Unfortunately with regard to climate change, while insiders thought they had a bargain emerging, the foundation for reform was being ripped away. Ultraconservatives may not understand climate science, but they better understood the fundamentals of our decentralized and impediment- filled legislative process. Right wing foundations and ultraconservative billionaires had been funding “climate science” studies designed to manufacture uncertainty. Key segments of the media picked up on and reinforced this sense of uncertainty. But most fundamentally, the emergence of the Tea Party created a fertile field for climate science denial. Its members were if anything even more opposed to carbon regulation than to health care reform. And they were willing to put their votes where their mouths were. Given the relatively low turnout in most primary elections, these activists knocked off several high profile Republican moderates. Though some of these Tea Party members subsequently lost in the general election, the message was clear: Vote for any climate change legislation and you invite a well financed primary challenge from the virulent right. A bipartisan compromise with the current Republican crop is thus impossible. “Today’s Republican leaders cater to extreme anti-tax and anti-environmental forces in their party.”
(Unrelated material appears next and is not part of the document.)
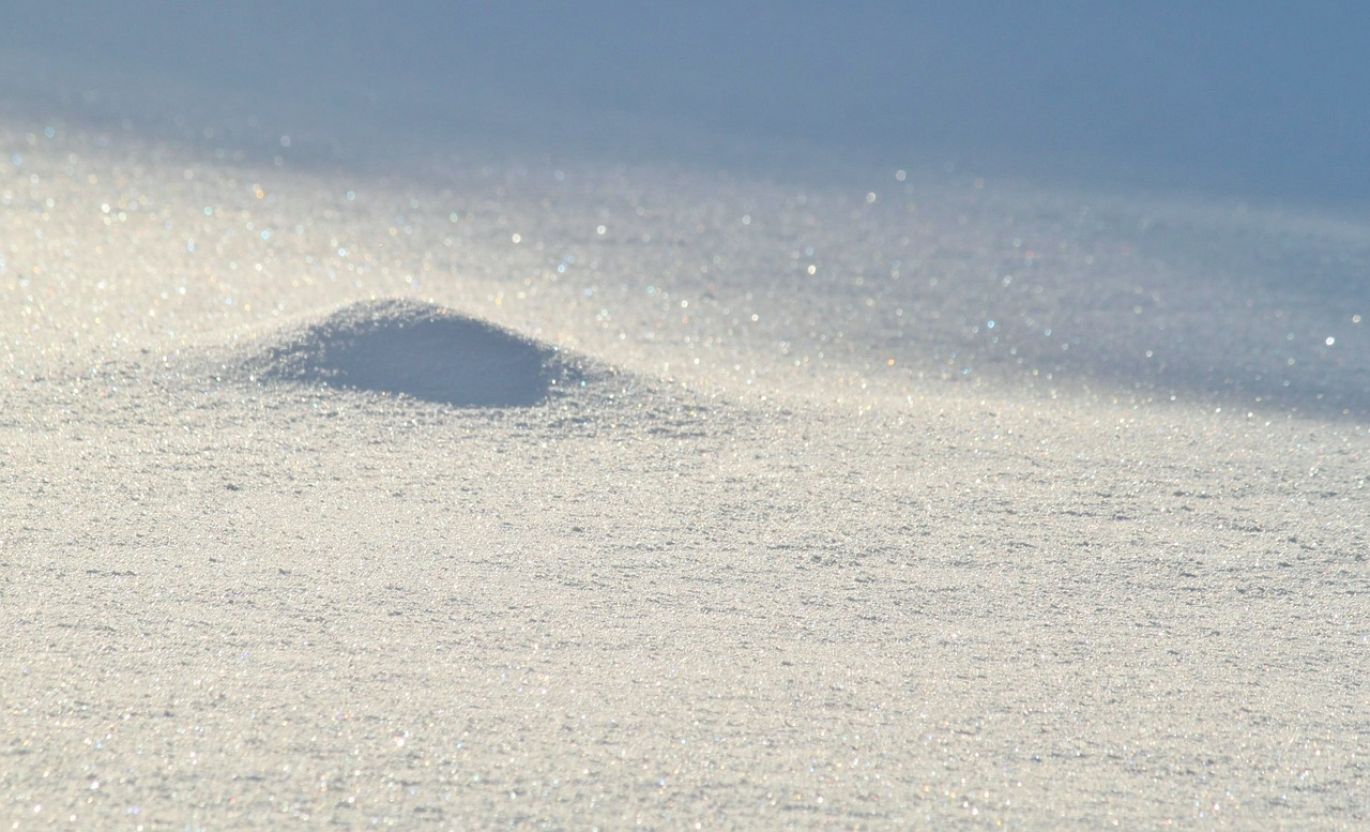 Bag of white zinc oxide powder, representing Zinc Oxide White Seal Price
Mainstream environmentalists and moderate business leaders were unprepared for such a challenge. Part of the problem lay in their attitude to the electorate. The public, Skocpol argues, “is seen as a kind of background chorus that, hopefully, will sing on key.” Experts use focus groups and well- tuned phrases to get the public to make the right answer on vaguely worded questions. This hardly constitutes an answer to the strident charges of job loss being continually mounted by the other side.
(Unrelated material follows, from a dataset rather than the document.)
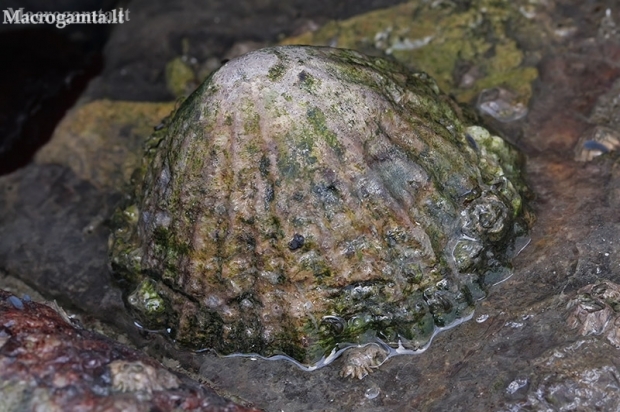 Common European limpet - Patella vulgata | Fotografijos autorius : Gintautas Steiblys | © Macronature.eu | Macro photography web site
Skocpol quite properly calls for a new climate politics, both along policy lines and strategy. She cites approvingly a “cap and dividend” proposal by Maria Cantwell (D-Wash.) and Susan Collins (R-Maine) that would impose a carbon tax but then use the proceeds to return as checks to each family. Under the initial proposal each family would receive about $1,100. Since this sum would especially benefit low and moderate income families, its distributive thrust is progressive. In addition it offers something more specific and tangible than vague promises of green jobs, necessary as these also are. It thus could become the sort of initiative around which unions, social justice advocates, and environmentalists could organize and hold their own D.C. representatives to. Local environmental organizations could also encourage more affluent members to donate their rebates to various environmental causes. It thus offers some prospect of bridging the local/national chasm that has often bugged the environmental movement.
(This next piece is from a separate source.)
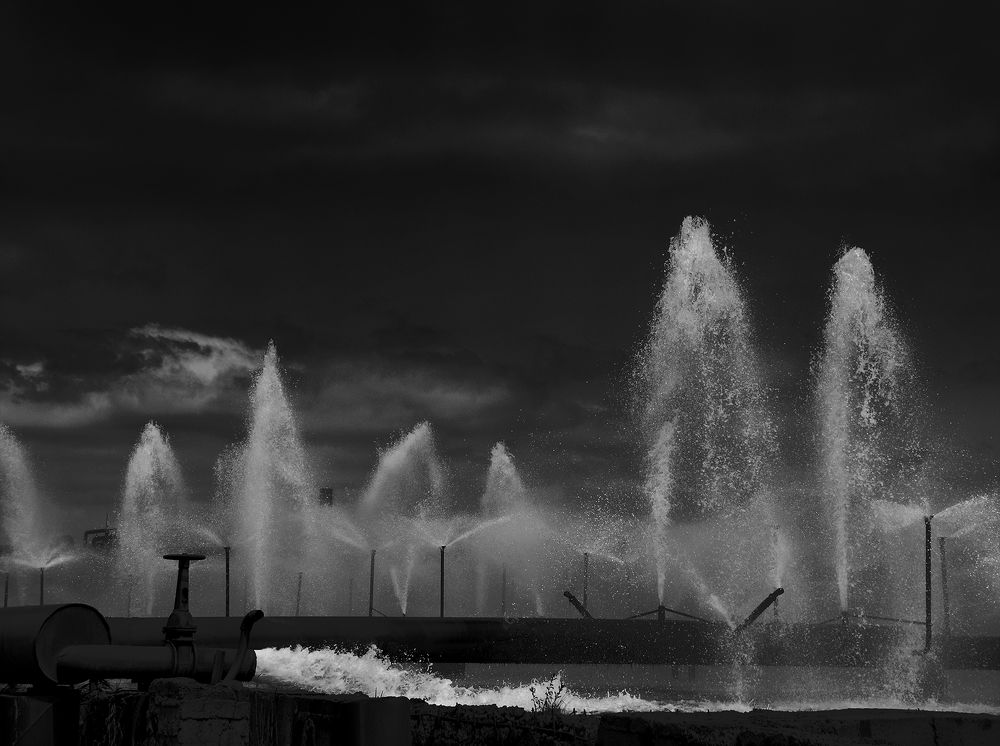 Сказочный водяной лес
Skocpol is surely right that green technologies without accompanying curbs on carbon use and subsidies are unlikely to take off for many years. We cannot avert our eyes from this target. Yet given how pressing the need is, how long can and must we wait for Congressional action? Though Republican extremists would be likely to make gains in the generally low turnout off year elections, perhaps the increasing understanding of our environmental situation can evoke more grass roots organization to reshape Congress.
Operations like 350.org, with their emphasis on nonviolent civil disobedience are also crucial. Even without federal laws state initiatives can block or even close many noxious polluters. It may be possible today to extend the left edge of the possible and force Congress and environmental elites to meet their planetary responsibilities more fully and swiftly. The recent decision by the Sierra Club to embrace and support nonviolent civil disobedience is a positive step. As Michael Brune, Sierra Club executive director points out in a recent interview for Grist, “Civil disobedience can highlight the urgency of a particular injustice and can increase the profile of a particular problem…. But I would also say: Rarely is it effective if we’re not also employing every other means of social change, whether it’s creative communications, engaging with artists and entertainers, or classic organizing, phone banking, doing stuff online. If we think the only thing missing is civil disobedience, then we’re probably kidding ourselves, because there’s a lot of straight-up hard work to be done to make sure that we’re effective.”